# Work to be completed:
Exact copy, pictures excluded: write out every line below.
Source material below:
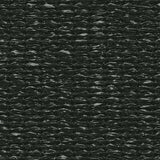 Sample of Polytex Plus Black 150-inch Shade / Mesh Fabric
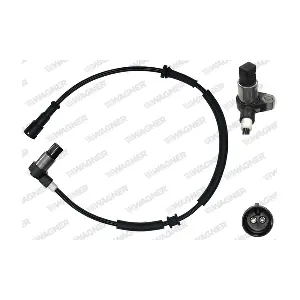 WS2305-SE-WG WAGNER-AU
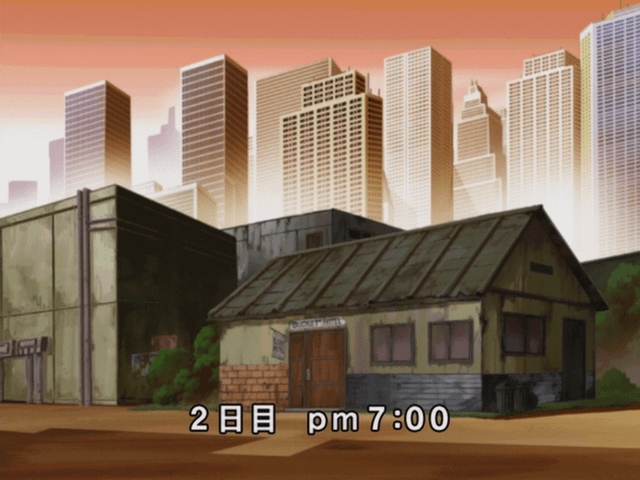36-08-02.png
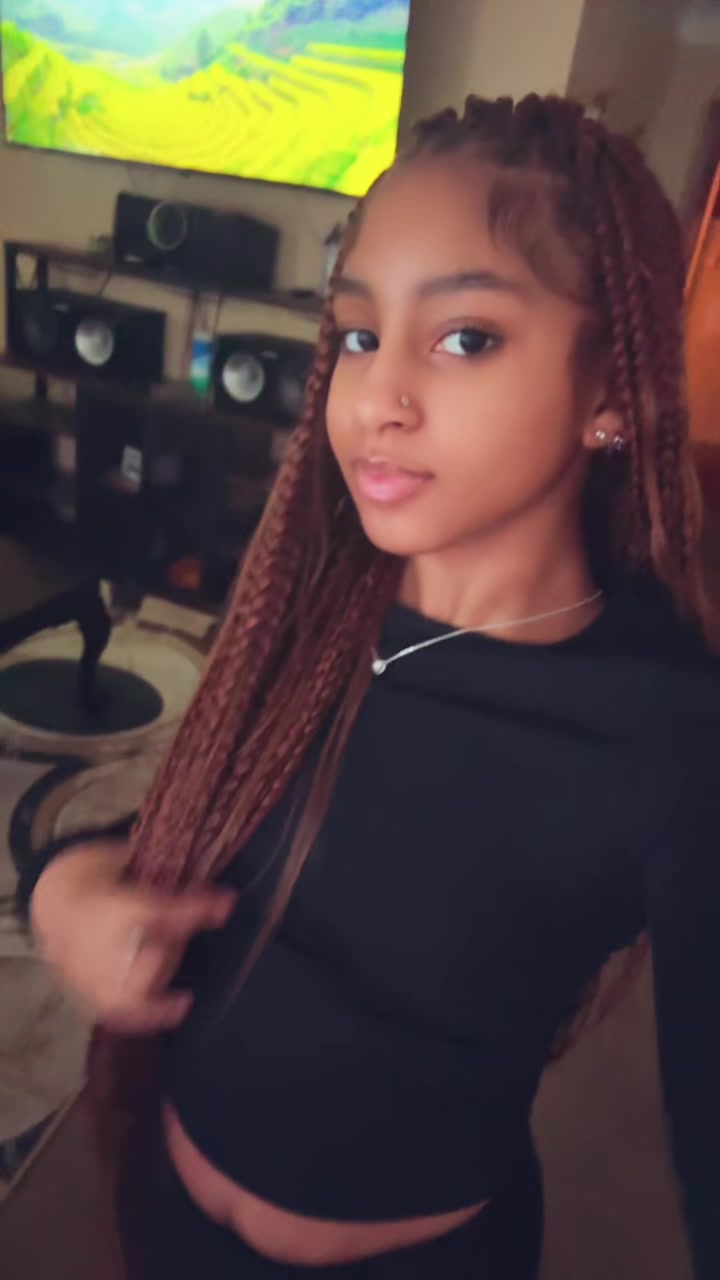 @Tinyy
End of Source material.
# Output below:
 Sample of Polytex Plus Black 150-inch Shade / Mesh Fabric
 WS2305-SE-WG WAGNER-AU
36-08-02.png
 @Tinyy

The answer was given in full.